As more and more of our library clientele are becoming techno-savvy, librarians and other information professionals must not only keep abreast of the technology in order to assist them but must lead the charge. (…)

Many of the apps are “must haves” for librarians and information professionals that I will address later in this article including how the iPad 2.0 can be considered the “go to device” for librarians and information professionals.

Some suggestions of application:

– The iWorks suite should be at the top of every information professionals list.
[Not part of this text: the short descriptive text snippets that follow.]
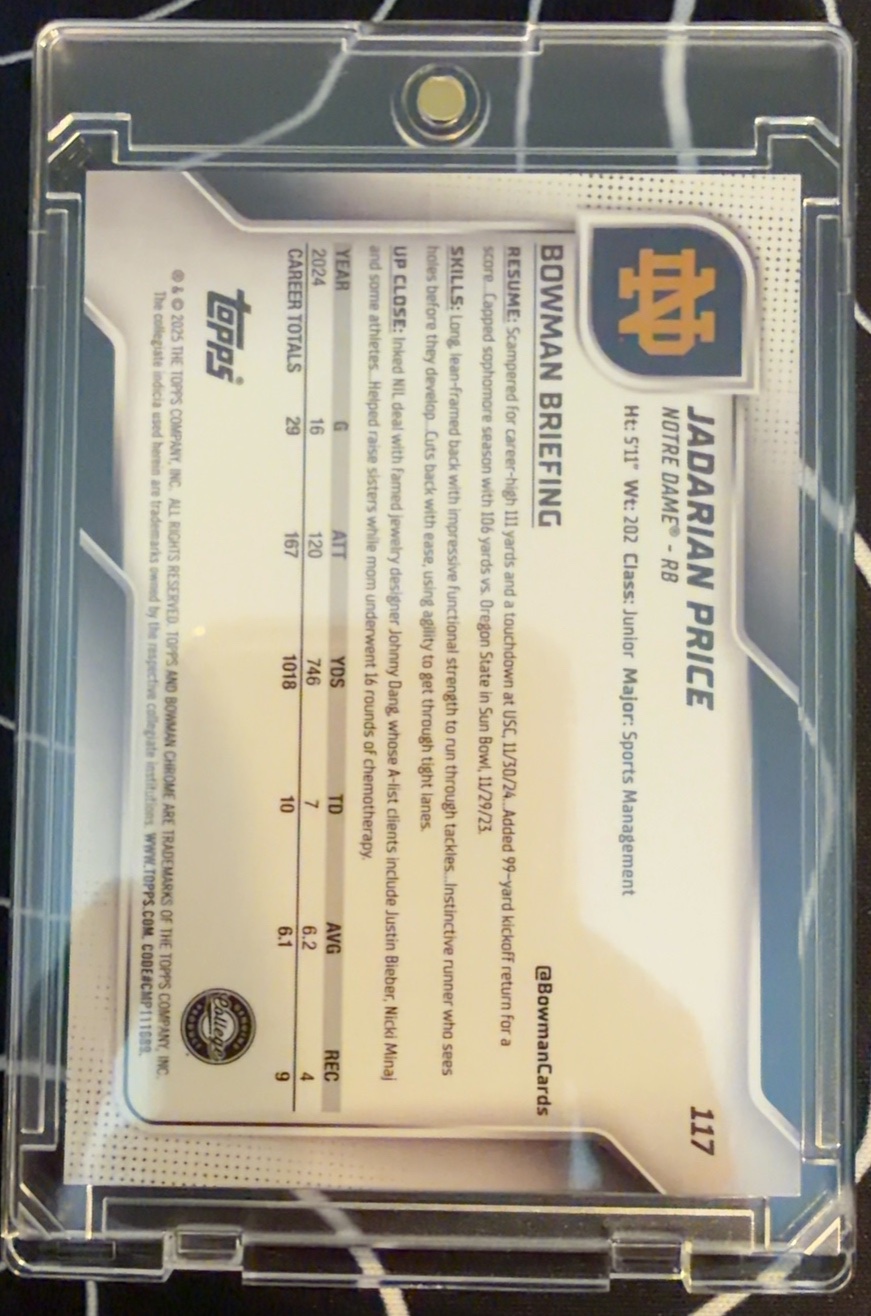 Jadarian Price 2025 Bowman Chrome U Sapphire back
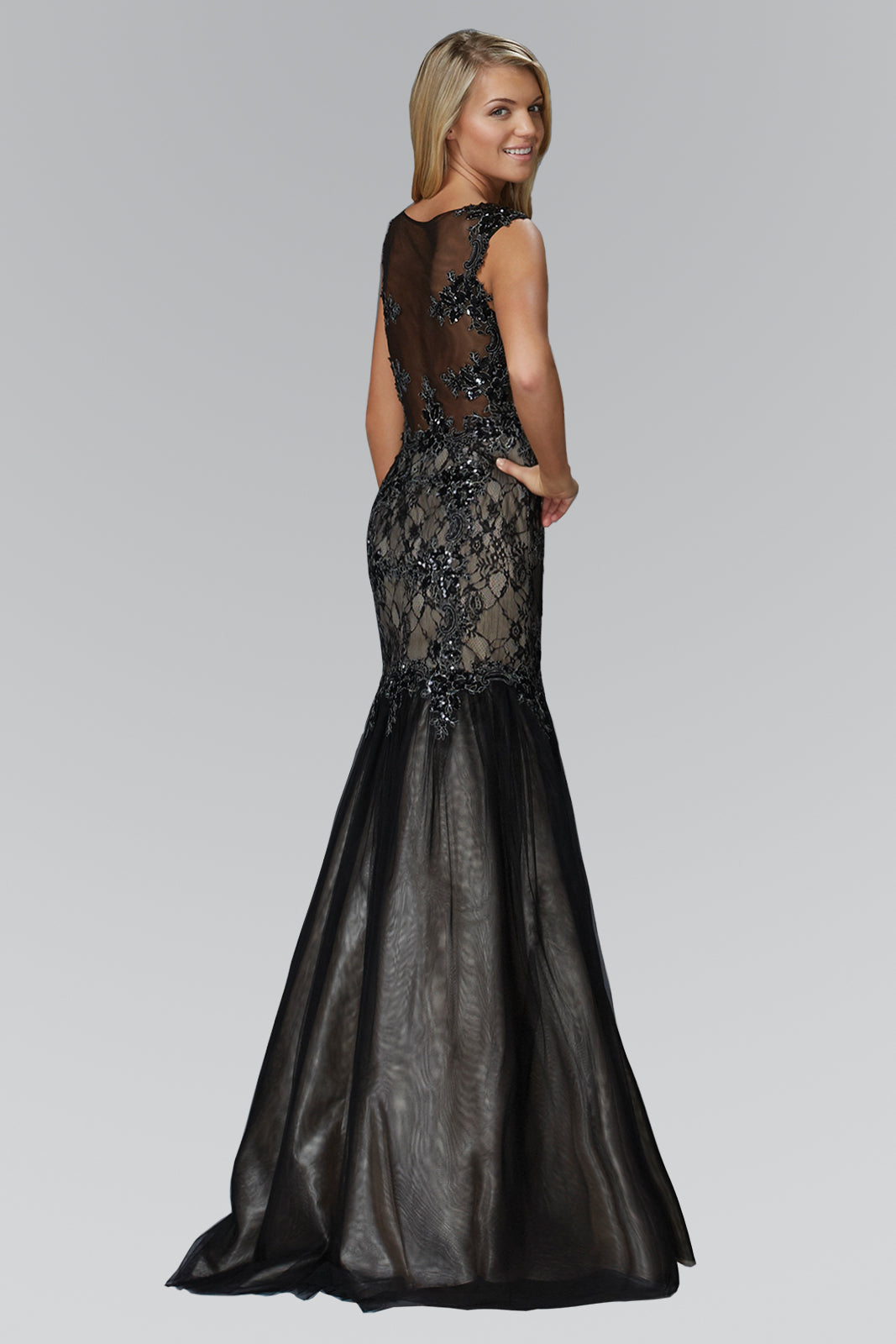 Mermaid Long Dress with Lace and Sheer Back GLGL2162 Elsy Style PROM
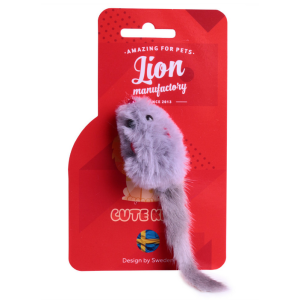 Игрушка для кошек Мышь из норки натуральной 10 см LM042 LION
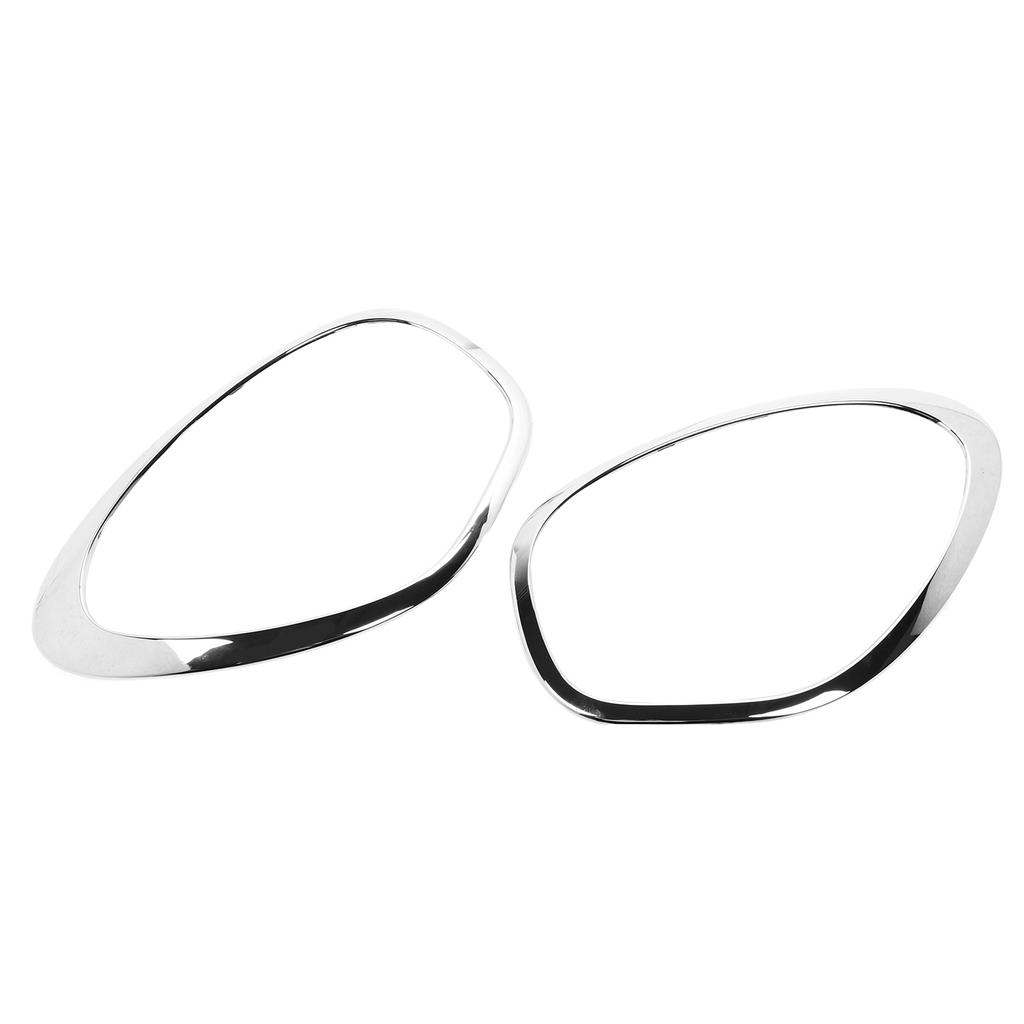 2pcs Headlight Ring Trim Bezel ABS Chrome Left Right Scratch Resistant Replacement for Cooper R60
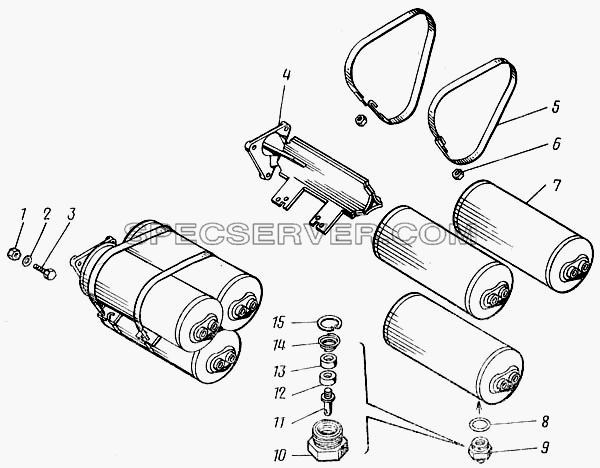 Ресиверы пневмотормозов для КамАЗ-43101 (список запасных частей)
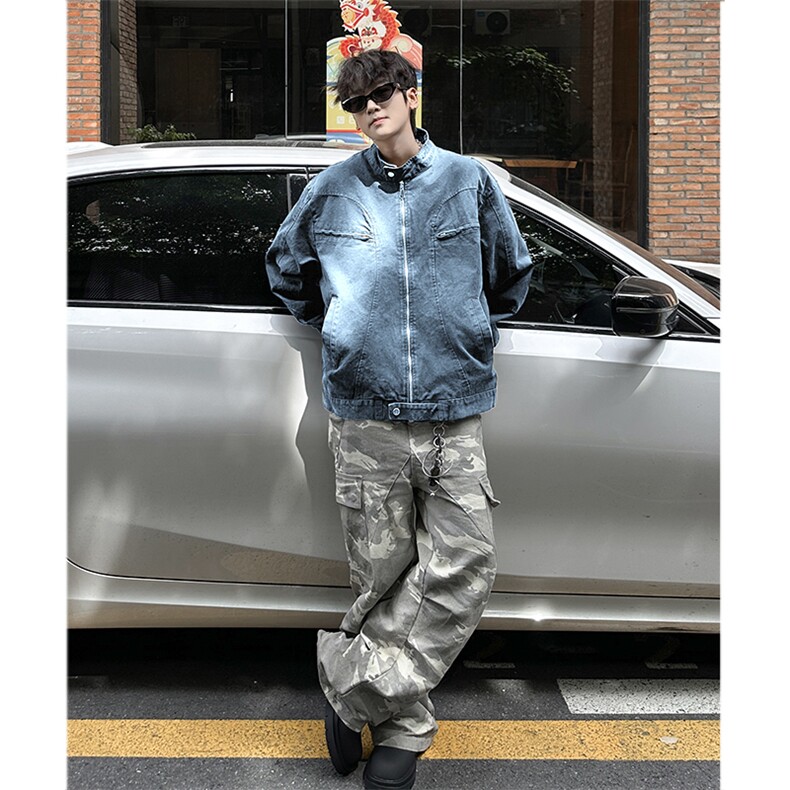 水洗纯棉立领牛仔外套男2024春秋季新款复古潮牌拉链短款纯色夹克,男装工装外套,星座410-7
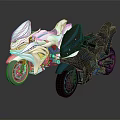 Futuristic Metallic Motorcycles With Sleek Design Transparent Windshields And Reflective Surfaces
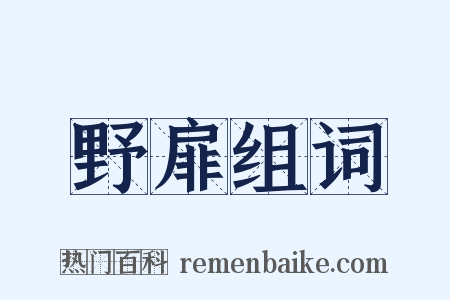野扉组词是什么意思的图片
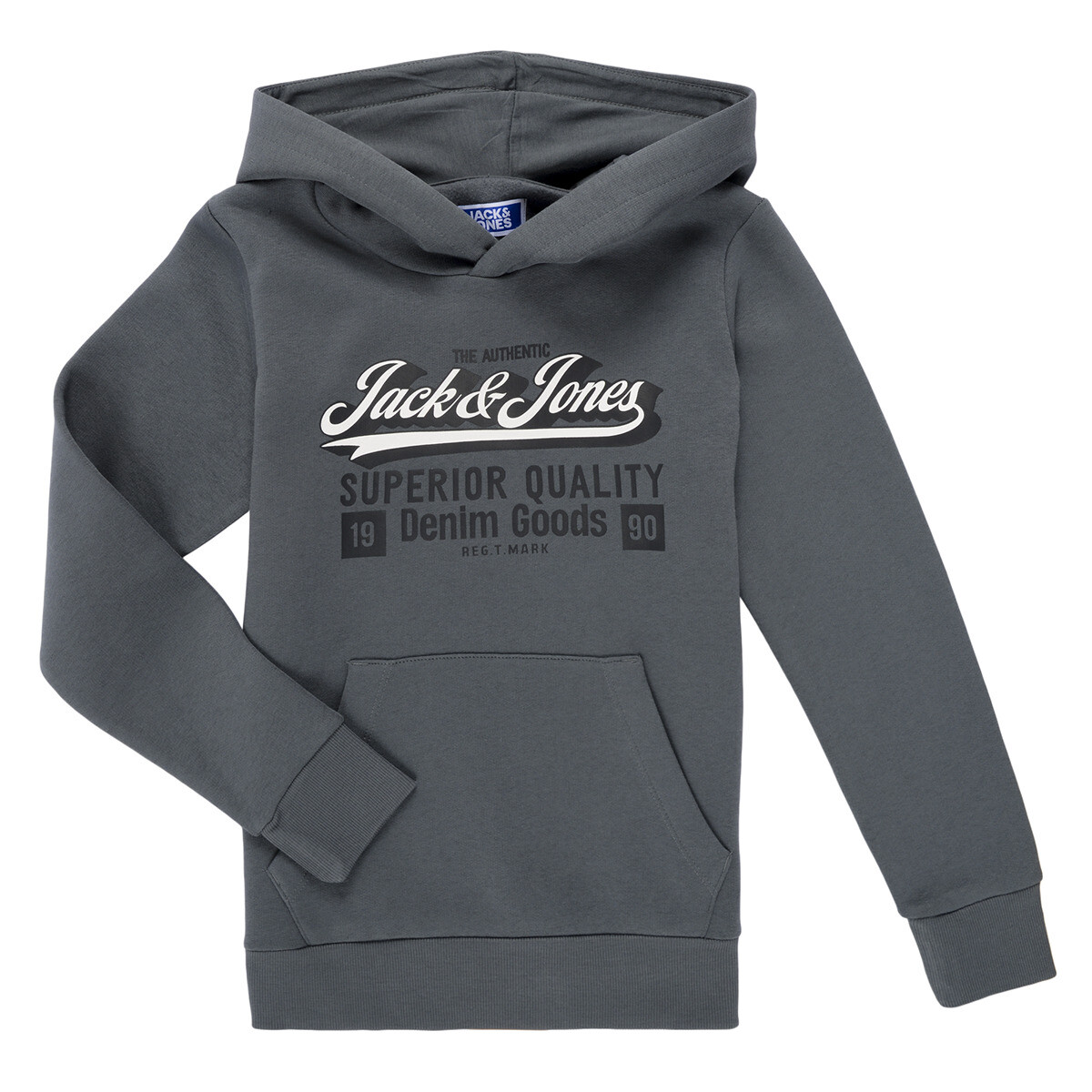 Jack & Jones  JJELOGO SWEAT HOOD  Šedá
They can use iWorks for presentations, documents, and spreadsheets. iWorks is the equivalent to Microsoft Office

– Information professionals have access to exciting and informative courses on any topic imaginable through Apple’s iTunes U. They can subscribe to courses, take self-paced classes, and get access to learning materials from some of the most erudite scholars in education

 Information professionals can use Drop box for storing, retrieving and sending large files and can synchronize all of their Calendars through the Calendar application

Librarians and information professionals can collaborate with colleagues all over the world using the Facetime and Skype applications.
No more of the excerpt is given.